* Work instructions
For the data below, restate word for word only the lines from the line containing "iPhone 12 /" through the line containing "Moderne, mutige Typografie", both ends included.

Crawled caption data
*** Begin section ***

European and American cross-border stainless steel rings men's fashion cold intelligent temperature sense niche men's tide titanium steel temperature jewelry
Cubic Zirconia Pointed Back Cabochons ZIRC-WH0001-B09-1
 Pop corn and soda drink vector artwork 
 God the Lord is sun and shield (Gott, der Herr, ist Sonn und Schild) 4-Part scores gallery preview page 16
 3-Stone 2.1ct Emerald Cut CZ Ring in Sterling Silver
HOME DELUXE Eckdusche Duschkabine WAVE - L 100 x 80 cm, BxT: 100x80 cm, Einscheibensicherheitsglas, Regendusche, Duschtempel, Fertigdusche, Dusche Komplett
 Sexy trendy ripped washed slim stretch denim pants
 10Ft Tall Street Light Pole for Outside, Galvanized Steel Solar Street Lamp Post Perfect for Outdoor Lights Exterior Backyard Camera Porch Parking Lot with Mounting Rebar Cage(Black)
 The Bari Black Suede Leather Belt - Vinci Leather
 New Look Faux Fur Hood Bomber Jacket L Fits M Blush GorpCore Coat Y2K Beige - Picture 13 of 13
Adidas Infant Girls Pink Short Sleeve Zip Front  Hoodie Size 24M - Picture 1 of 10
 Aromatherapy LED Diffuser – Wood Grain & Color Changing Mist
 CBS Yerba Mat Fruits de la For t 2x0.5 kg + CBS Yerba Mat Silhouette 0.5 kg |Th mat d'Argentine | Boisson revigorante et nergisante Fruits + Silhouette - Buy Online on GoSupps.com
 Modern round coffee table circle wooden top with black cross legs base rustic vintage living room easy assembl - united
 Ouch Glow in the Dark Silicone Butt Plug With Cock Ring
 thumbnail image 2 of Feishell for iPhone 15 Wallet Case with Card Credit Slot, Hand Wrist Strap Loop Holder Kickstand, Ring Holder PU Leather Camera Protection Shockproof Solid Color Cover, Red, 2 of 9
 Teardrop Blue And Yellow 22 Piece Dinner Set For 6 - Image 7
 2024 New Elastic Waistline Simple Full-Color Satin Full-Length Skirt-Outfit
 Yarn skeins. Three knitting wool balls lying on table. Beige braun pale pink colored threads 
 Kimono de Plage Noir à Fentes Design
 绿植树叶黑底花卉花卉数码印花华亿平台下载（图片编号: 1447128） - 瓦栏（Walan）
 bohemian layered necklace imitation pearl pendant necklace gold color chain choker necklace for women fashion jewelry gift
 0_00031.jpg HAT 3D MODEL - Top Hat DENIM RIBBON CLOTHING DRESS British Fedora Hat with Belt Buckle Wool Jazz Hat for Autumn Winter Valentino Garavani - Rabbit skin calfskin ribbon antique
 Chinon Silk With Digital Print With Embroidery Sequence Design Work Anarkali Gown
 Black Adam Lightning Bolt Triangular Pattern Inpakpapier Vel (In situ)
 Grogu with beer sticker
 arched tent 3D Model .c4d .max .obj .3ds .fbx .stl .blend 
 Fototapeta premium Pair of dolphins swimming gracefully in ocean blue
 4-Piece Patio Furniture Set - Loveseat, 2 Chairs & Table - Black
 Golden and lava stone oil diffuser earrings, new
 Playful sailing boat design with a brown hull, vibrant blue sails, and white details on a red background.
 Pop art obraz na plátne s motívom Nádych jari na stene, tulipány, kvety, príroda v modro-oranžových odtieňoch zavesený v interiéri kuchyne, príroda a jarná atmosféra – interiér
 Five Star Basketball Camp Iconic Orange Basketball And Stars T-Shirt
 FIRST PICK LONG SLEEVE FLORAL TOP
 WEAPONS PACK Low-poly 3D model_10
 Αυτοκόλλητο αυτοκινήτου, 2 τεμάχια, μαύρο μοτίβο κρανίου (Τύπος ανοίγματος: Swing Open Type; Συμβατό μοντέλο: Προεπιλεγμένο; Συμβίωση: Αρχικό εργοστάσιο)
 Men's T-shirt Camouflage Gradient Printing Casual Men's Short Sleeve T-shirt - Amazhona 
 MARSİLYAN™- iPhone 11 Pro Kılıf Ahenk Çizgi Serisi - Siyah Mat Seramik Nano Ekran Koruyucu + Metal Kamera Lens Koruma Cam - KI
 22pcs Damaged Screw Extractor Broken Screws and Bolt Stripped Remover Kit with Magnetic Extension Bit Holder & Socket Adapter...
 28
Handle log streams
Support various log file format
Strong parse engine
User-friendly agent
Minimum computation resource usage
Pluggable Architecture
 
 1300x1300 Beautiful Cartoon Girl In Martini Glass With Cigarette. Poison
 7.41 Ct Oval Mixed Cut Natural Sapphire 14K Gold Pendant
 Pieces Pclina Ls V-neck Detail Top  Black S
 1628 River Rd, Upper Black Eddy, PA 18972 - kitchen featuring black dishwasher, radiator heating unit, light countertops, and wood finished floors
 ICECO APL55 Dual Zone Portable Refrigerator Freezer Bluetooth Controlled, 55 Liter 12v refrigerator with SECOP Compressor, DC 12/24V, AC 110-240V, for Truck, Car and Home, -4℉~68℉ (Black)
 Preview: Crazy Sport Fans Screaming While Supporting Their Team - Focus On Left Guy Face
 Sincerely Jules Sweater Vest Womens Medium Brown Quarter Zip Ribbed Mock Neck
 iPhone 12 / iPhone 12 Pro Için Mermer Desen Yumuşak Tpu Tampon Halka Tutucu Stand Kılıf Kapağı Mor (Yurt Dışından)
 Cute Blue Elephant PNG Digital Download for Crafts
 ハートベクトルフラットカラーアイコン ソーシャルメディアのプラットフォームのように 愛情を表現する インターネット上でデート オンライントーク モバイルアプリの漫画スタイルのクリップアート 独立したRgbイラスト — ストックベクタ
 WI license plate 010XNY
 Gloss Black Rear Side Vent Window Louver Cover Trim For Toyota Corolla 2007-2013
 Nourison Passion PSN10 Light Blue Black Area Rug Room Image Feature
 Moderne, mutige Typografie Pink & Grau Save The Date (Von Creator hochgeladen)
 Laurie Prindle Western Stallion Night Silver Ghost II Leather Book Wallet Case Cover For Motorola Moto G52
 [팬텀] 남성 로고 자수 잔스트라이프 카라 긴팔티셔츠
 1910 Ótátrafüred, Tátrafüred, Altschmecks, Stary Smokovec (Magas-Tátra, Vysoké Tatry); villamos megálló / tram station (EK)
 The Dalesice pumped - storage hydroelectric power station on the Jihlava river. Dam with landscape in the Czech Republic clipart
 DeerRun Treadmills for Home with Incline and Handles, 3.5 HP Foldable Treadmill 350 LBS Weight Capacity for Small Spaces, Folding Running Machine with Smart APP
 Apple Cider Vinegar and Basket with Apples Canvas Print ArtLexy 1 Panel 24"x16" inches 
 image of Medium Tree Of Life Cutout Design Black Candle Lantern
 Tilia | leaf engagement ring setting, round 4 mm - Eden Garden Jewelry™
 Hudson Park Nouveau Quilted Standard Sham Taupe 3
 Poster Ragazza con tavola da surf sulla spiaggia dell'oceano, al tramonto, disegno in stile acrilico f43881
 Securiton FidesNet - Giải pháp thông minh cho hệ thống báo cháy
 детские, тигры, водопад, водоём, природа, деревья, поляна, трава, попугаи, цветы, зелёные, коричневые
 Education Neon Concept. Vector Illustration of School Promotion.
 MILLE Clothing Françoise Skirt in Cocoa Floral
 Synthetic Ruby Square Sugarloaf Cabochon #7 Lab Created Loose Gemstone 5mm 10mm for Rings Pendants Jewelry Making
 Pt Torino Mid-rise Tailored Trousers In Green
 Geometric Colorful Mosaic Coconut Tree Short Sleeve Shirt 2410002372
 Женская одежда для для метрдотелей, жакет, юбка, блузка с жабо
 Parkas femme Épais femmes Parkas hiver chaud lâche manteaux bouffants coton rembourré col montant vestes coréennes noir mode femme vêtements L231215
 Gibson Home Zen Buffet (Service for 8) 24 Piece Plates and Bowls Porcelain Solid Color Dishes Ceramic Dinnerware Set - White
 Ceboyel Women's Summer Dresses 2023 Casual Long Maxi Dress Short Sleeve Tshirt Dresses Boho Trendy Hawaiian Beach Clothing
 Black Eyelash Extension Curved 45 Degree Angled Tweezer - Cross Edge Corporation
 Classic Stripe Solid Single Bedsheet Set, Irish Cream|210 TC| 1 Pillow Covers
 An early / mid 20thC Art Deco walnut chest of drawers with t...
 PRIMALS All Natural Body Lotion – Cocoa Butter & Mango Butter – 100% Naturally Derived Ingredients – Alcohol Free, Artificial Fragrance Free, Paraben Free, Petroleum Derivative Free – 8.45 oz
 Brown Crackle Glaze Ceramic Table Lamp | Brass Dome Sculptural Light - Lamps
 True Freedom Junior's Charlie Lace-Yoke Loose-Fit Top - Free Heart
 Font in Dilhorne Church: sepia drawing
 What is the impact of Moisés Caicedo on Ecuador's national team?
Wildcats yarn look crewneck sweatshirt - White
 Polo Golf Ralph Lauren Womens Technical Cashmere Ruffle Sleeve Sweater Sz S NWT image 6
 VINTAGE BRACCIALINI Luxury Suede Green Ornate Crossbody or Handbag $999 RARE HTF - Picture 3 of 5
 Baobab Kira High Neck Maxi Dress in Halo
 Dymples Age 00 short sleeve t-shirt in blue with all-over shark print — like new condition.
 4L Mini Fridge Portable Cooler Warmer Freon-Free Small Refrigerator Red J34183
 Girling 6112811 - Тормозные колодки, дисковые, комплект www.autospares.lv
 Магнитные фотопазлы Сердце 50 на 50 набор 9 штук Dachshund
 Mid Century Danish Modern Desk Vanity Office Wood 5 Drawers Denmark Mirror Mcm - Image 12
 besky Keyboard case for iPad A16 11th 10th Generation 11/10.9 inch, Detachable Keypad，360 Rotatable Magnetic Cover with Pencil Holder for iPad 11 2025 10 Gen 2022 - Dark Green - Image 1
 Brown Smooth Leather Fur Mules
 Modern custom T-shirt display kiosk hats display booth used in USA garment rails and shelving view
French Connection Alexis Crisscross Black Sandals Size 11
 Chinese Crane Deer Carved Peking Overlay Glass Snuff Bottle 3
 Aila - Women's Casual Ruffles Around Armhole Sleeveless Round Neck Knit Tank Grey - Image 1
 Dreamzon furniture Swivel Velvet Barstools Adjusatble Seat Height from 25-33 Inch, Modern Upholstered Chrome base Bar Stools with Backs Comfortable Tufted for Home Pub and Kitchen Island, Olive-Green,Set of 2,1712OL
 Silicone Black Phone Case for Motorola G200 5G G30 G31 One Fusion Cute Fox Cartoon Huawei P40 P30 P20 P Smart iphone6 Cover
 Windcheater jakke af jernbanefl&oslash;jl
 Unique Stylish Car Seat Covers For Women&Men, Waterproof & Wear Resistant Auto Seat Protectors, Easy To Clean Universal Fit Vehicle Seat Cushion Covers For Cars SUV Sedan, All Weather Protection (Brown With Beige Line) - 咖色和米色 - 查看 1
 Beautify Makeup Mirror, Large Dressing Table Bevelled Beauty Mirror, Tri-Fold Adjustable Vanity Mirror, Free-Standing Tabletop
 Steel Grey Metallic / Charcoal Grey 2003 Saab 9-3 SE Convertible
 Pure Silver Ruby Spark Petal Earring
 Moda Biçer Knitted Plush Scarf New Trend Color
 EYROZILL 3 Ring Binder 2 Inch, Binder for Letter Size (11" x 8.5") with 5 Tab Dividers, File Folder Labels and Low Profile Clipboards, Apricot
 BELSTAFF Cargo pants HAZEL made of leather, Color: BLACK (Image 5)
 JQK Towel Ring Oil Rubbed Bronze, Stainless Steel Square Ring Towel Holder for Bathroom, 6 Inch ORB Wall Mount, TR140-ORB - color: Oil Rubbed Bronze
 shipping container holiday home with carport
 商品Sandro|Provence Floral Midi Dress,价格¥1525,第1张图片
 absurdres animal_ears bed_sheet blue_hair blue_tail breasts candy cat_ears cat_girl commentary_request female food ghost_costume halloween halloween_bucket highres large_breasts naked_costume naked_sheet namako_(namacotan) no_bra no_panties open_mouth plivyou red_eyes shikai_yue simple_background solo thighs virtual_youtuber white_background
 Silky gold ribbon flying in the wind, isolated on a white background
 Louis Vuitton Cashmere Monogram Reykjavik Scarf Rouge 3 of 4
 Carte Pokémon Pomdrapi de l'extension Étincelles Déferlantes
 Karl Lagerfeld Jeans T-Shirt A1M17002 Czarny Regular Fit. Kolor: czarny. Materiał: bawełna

*** End section ***

* Solution
 iPhone 12 / iPhone 12 Pro Için Mermer Desen Yumuşak Tpu Tampon Halka Tutucu Stand Kılıf Kapağı Mor (Yurt Dışından)
 Cute Blue Elephant PNG Digital Download for Crafts
 ハートベクトルフラットカラーアイコン ソーシャルメディアのプラットフォームのように 愛情を表現する インターネット上でデート オンライントーク モバイルアプリの漫画スタイルのクリップアート 独立したRgbイラスト — ストックベクタ
 WI license plate 010XNY
 Gloss Black Rear Side Vent Window Louver Cover Trim For Toyota Corolla 2007-2013
 Nourison Passion PSN10 Light Blue Black Area Rug Room Image Feature
 Moderne, mutige Typografie Pink & Grau Save The Date (Von Creator hochgeladen)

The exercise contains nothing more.